La Torre comilona.
Hay partidas en que una pieza determinada
parece tener una fuerza sobrenatural por sobre las demás. Nunca olvidaré la
acción de una torre blanca en una partida de club que jugué hace muchos años,
cuando destinaba mis tardes a la práctica de este juego mágico que nos obsesiona.
Estábamos reunidos los aficionados
de siempre alrededor de la mesa y habíamos hecho el pedido para acompañarnos
con una merienda mientras despuntábamos el vicio.
Jugábamos al “ganador queda” y
nos íbamos turnando al tablero según las mañas y las suertes de cada uno.
Cuando el mozo trajo los cafés y
las medialunas que dejó a mi derecha -un poco lejos pues de este lado teníamos
el reloj-, había ganado dos partidas y por eso jugaba con negras.
Golosos, nos acercamos las tazas
y los platitos con facturas a modo de poder ir metiéndole mano sin distraer la
atención de las amenazas imaginadas, que flotaban en el aire como embrujos reales.
Sabido es que el que juega
ajedrez rápido se apasiona sobre los lances de cada encuentro y hasta pierde
conciencia de lo que ocurre a su alrededor.
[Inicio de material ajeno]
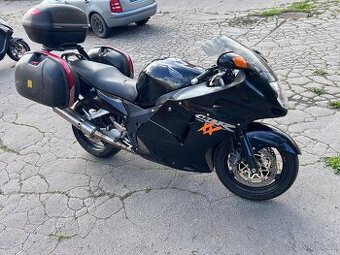Honda Blackbird 1100-REZERVOVANO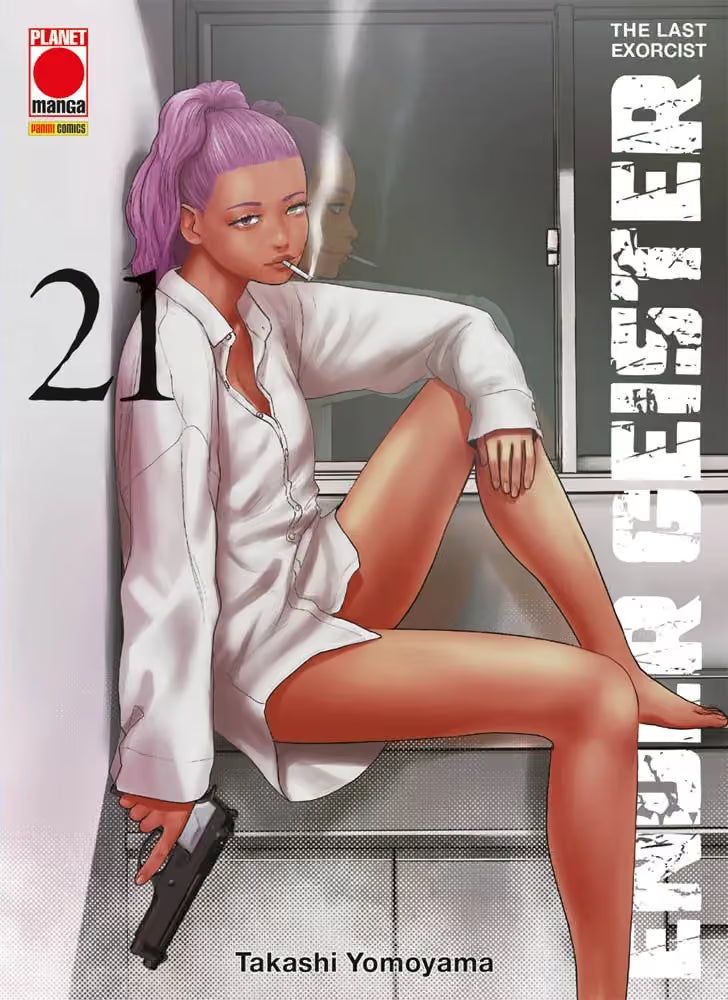 Ender Geister - The Last Exorcist vol.21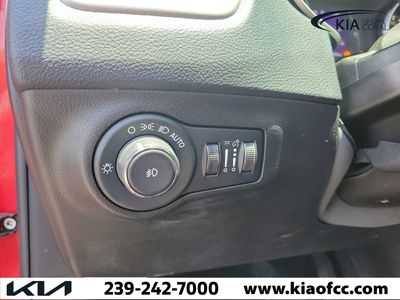 2020 Jeep Compass - Photo 24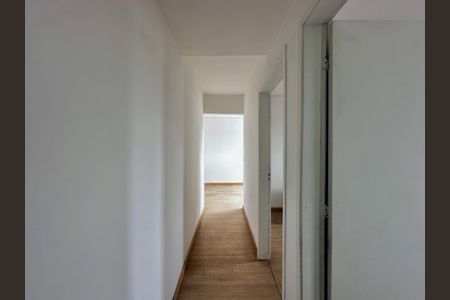 Apartamento à venda com 49m², 2 quartos e 1 vagaCorredor Quartos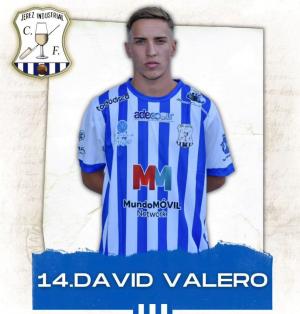 David Torres (Jerez Industrial) - 2023/2024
En esta partida que no olvidaré
nunca, la torre dama de mi rival me estaba volviendo loco. Le había permitido
entrar en “séptima” a cambio de un ataque sobre el enroque corto y la muy desgraciada
me estaba comiendo todo.
Primero fueron dos peones.
Después me comió un alfil, y aún
quería seguir engullendo.
Mis trebejos parecían de azúcar
ante el hambre desaforado de esa pieza color café con leche. Tuve que
concentrarme sobre ella y casi rogué a Caissa que mi compañero cayera en una
celada que tendí para poder capturarla.
Cuando al fin la tomé y la fui a
sacar del tablero, hasta me pareció más pesada que una torre común y corriente,
tanta era la impresión que me había causado su voracidad.
La dejé al lado de las medialunas
con el regocijo interno que nos dan ciertas venganzas y, como si tuviera vida y
pudiera escucharme, le dije:
Torre insaciable, andate a comer
afuera, a ver qué encontrás…
Los muchachos se rieron de mi
ocurrencia y ponderaron lo que me había costado ya esa pieza.
Continuó la partida y libre de
mis temores aún pude ganar al fin. Entre las risas y las cargadas propias de
cada victoria, mientras acomodaba mis piezas para una próxima pelea, quise
terminarme las facturas que creí que quedaban…
Cual no fue mi sorpresa al ver
que, al lado de la torre comilona, ¡el platito de las medialunas estaba vacío!